‘And did you understand?’
‘I—I think so,’ said Sara, faintly.
‘Herr Wellfield, Miss Ford! the cotillon is about to begin. Here is your favour, Mr. Wellfield. Be good enough to let me pin it on, and then go and find your partner.’
It was Fräulein von Lehnberg, one of the countess’s Berlin cousins, who spoke, with some impatience in her voice; for she had twice addressed Jerome, and he had taken no notice of her. He stepped forward now, and held the basket of ribbons while she pinned on his favour, with an imperturbable severity of gravity which irritated the young lady exceedingly. Then he offered Sara his arm, and they advanced to meet the rest of the company.

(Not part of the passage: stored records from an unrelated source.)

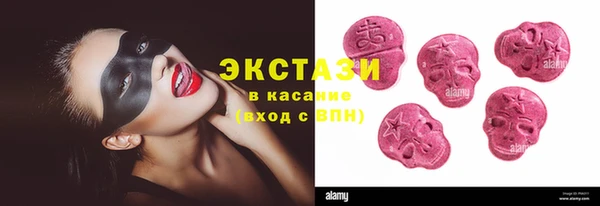 гашиш Верхнеуральск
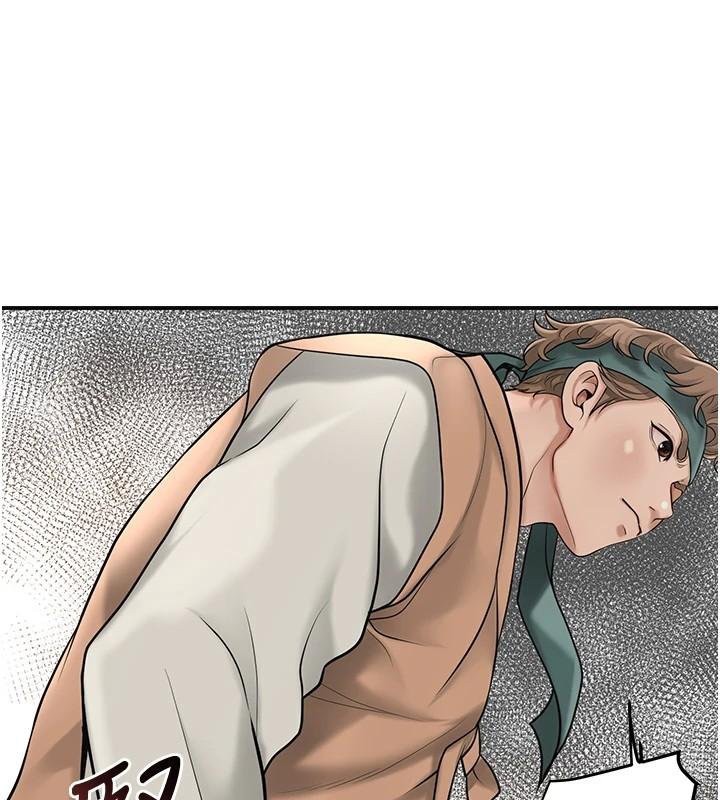 第59话-大家闺秀的肉体…-花容湿色:取花点-李万,蜜果实（第1张）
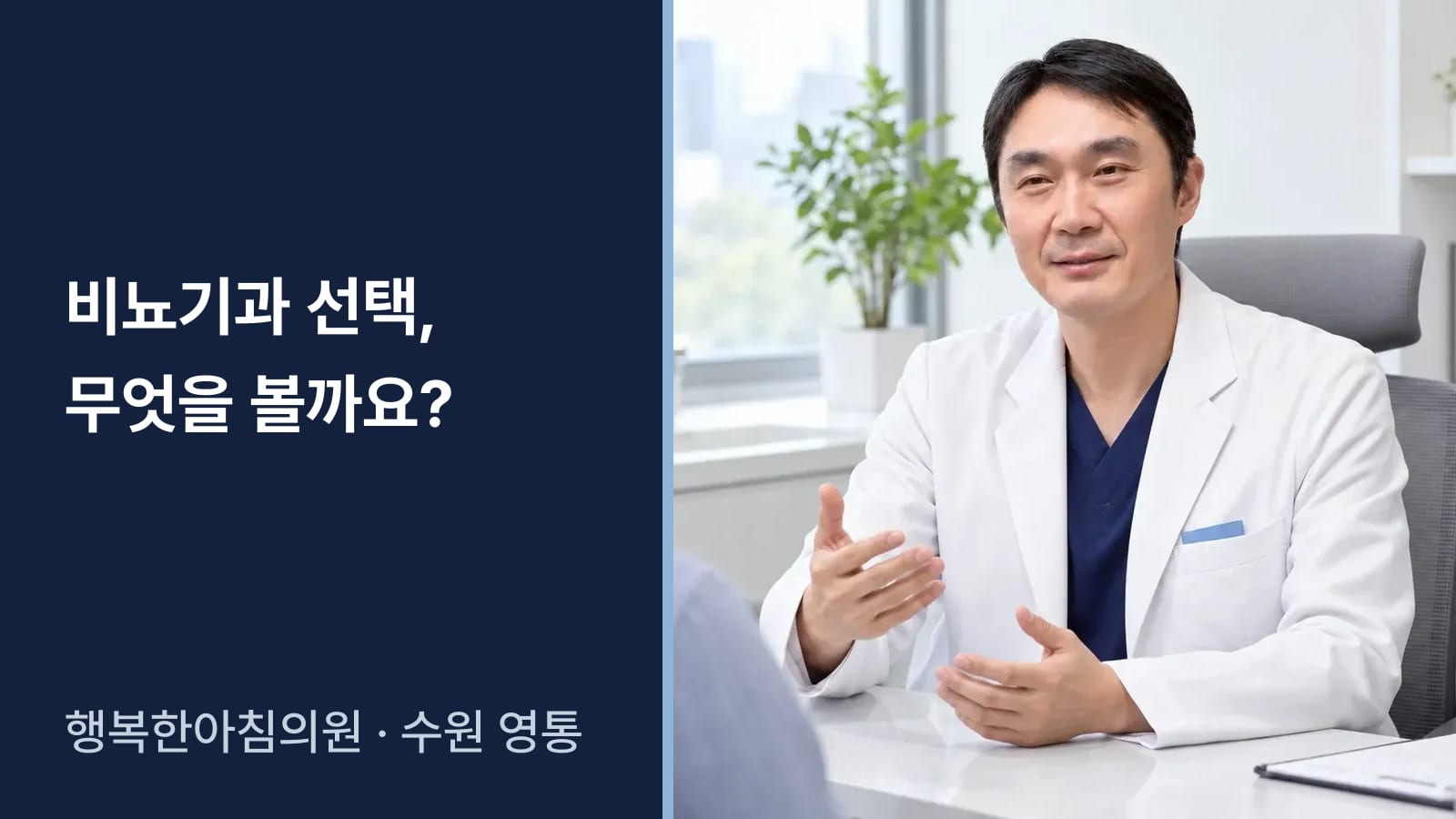 수원 영통구 비뇨기과, 병원을 고를 때 무엇을 확인하면 되나요?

In the discussions next day on the subject, it was universally decided that Mr. Wellfield might be a musical, Miss Ford an artistic prodigy; but that in the matter of dancing a cotillon they both displayed to the full that insular stiffness characteristic of their nation. That little Emily Leigh had ten times the spirit of her taller and handsomer country-woman. How gracefully she danced, and contrived to make even that maypole, Hans Lemde, look almost graceful too.
Beloved and candid discussions of the day after! How much does not society and the individual owe to you, in the matter of establishment of the facts, and an exhaustive analysis of the motives actuating the behaviour of those who come before your tribunal! May nothing ever occur to make you less vigorous or less rigorous than you are at this day!